- Task -
Would you retype, word for word, the line with "Đồng hồ nam" and each line after it to the end of the entries below, leaving the pictures out?

_ _ _ _ _ _ _

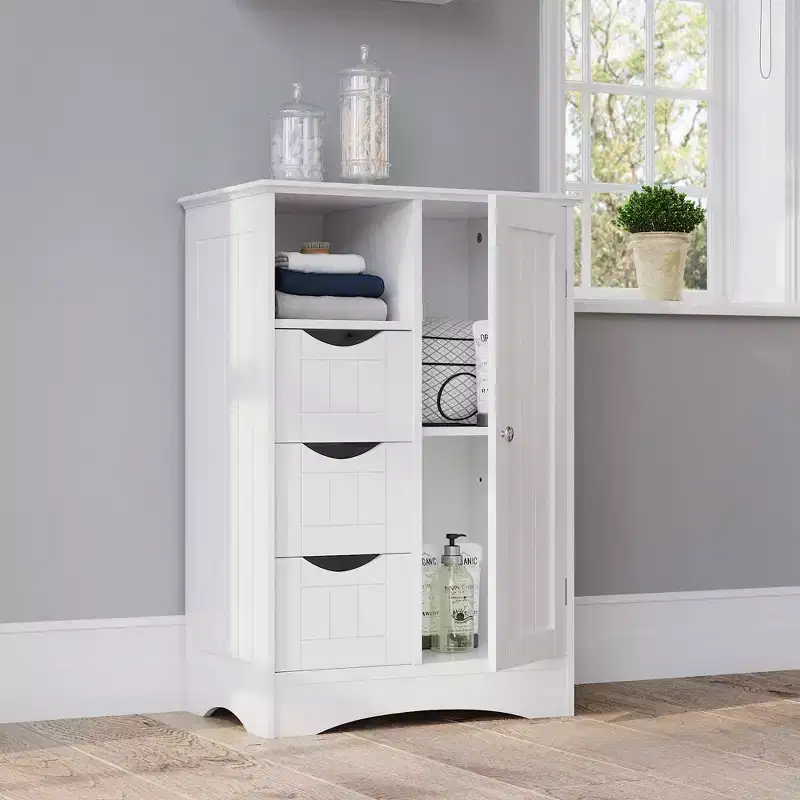 RiverRidge Ashland Single Door Bathroom and Laundry Storage Cabinet with 3 Drawers, Open and Adjustable Shelf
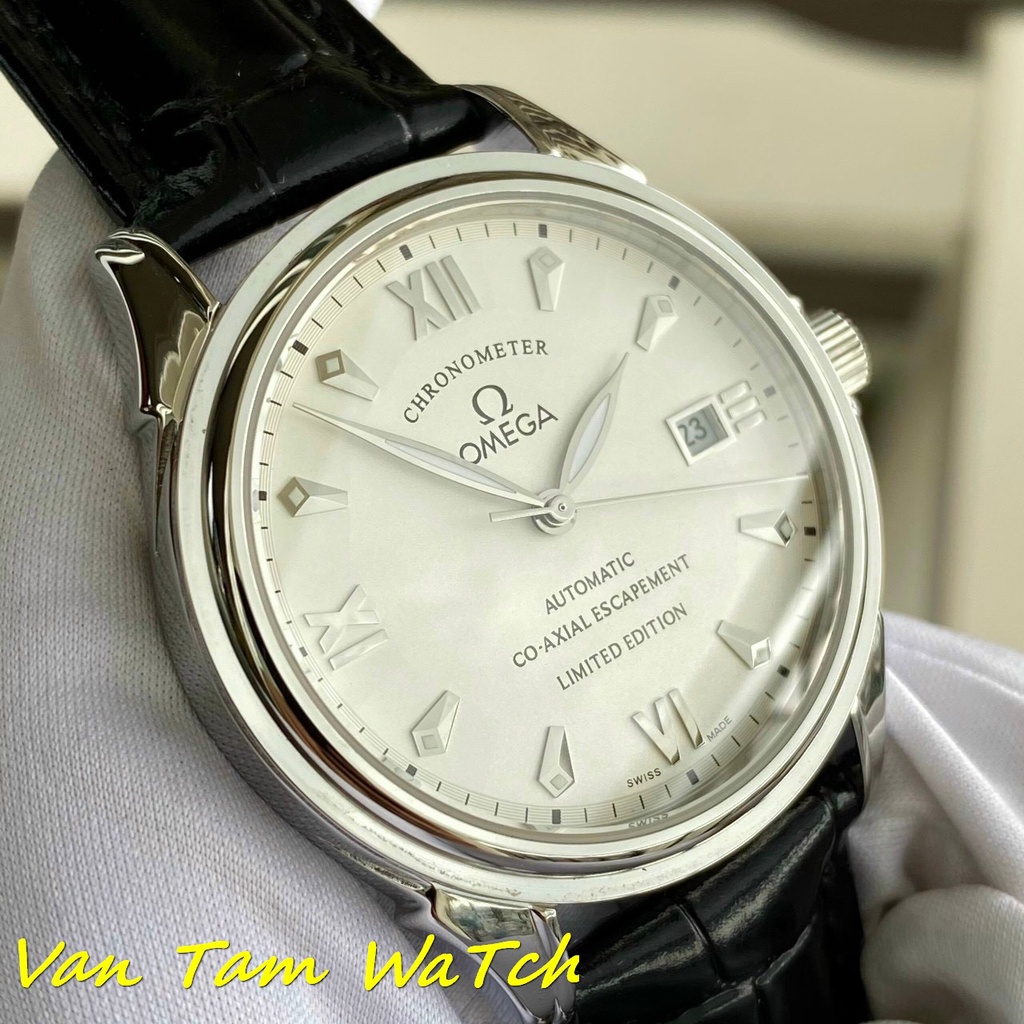 Đồng hồ nam omega co-axial chronometer escapement w 39mm máy Thụy Sĩ automatic, mẫu cao cấp mặt trắng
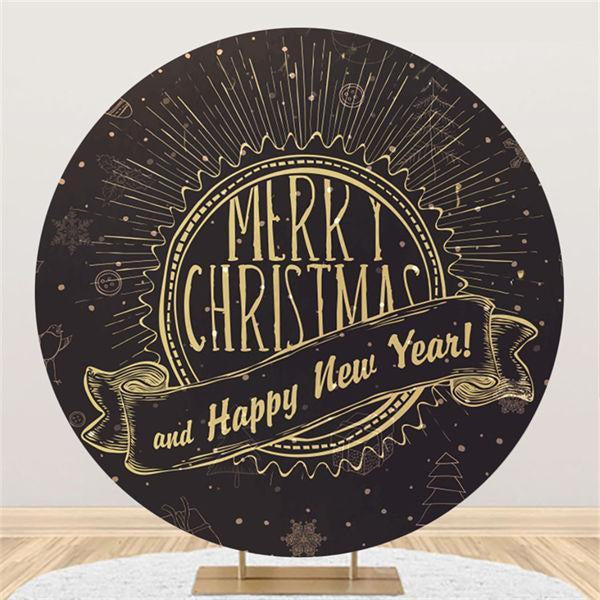 Lofaris Gold And Black Round Chrismas New Year Backdrop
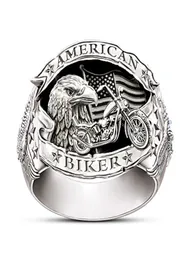 Fevereiro da marca Palavras esculpidas de motociclista americano Ring Motorcycle Dom Eagle Animal Jewelry Hip Hop Rock Presente para o namorado P6923440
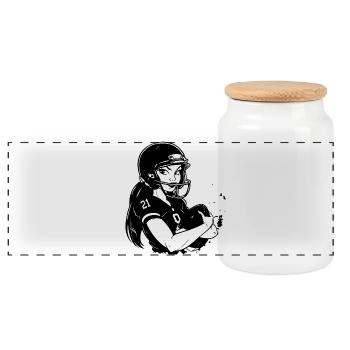 Football Frau Comic Look - Panorama Keksdose mit Holzdeckel - Weiß - Vorne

_ _ _ _ _ _ _

- Output below -
 Đồng hồ nam omega co-axial chronometer escapement w 39mm máy Thụy Sĩ automatic, mẫu cao cấp mặt trắng
 Lofaris Gold And Black Round Chrismas New Year Backdrop
 Fevereiro da marca Palavras esculpidas de motociclista americano Ring Motorcycle Dom Eagle Animal Jewelry Hip Hop Rock Presente para o namorado P6923440
 Football Frau Comic Look - Panorama Keksdose mit Holzdeckel - Weiß - Vorne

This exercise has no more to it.